All of the data below is to be written out again exactly.
(RECORDS TO USE Opens)
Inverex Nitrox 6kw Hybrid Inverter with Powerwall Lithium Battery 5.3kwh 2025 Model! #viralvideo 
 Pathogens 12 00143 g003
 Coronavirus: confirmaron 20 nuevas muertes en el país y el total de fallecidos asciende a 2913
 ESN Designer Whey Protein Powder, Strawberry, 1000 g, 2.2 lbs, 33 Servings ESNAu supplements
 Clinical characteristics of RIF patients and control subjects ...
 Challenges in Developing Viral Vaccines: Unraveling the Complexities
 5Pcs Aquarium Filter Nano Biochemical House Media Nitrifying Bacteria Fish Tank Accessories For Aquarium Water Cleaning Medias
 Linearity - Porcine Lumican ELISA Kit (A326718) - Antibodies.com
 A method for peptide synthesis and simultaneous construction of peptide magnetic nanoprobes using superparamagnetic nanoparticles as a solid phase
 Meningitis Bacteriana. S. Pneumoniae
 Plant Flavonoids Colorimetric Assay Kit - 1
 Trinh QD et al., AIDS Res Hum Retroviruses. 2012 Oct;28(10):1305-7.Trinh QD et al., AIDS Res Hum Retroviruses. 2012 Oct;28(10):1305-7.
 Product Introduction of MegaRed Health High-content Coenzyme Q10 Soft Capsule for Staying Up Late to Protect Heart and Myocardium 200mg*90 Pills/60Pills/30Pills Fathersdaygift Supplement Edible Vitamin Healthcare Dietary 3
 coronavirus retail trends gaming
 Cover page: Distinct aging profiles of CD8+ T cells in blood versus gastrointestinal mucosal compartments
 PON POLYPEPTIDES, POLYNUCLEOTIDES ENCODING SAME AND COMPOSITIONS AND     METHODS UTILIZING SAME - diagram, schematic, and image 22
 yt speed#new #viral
(RECORDS TO USE Closes)
SOLVED PROBLEM:
Inverex Nitrox 6kw Hybrid Inverter with Powerwall Lithium Battery 5.3kwh 2025 Model! #viralvideo 
 Pathogens 12 00143 g003
 Coronavirus: confirmaron 20 nuevas muertes en el país y el total de fallecidos asciende a 2913
 ESN Designer Whey Protein Powder, Strawberry, 1000 g, 2.2 lbs, 33 Servings ESNAu supplements
 Clinical characteristics of RIF patients and control subjects ...
 Challenges in Developing Viral Vaccines: Unraveling the Complexities
 5Pcs Aquarium Filter Nano Biochemical House Media Nitrifying Bacteria Fish Tank Accessories For Aquarium Water Cleaning Medias
 Linearity - Porcine Lumican ELISA Kit (A326718) - Antibodies.com
 A method for peptide synthesis and simultaneous construction of peptide magnetic nanoprobes using superparamagnetic nanoparticles as a solid phase
 Meningitis Bacteriana. S. Pneumoniae
 Plant Flavonoids Colorimetric Assay Kit - 1
 Trinh QD et al., AIDS Res Hum Retroviruses. 2012 Oct;28(10):1305-7.Trinh QD et al., AIDS Res Hum Retroviruses. 2012 Oct;28(10):1305-7.
 Product Introduction of MegaRed Health High-content Coenzyme Q10 Soft Capsule for Staying Up Late to Protect Heart and Myocardium 200mg*90 Pills/60Pills/30Pills Fathersdaygift Supplement Edible Vitamin Healthcare Dietary 3
 coronavirus retail trends gaming
 Cover page: Distinct aging profiles of CD8+ T cells in blood versus gastrointestinal mucosal compartments
 PON POLYPEPTIDES, POLYNUCLEOTIDES ENCODING SAME AND COMPOSITIONS AND     METHODS UTILIZING SAME - diagram, schematic, and image 22
 yt speed#new #viral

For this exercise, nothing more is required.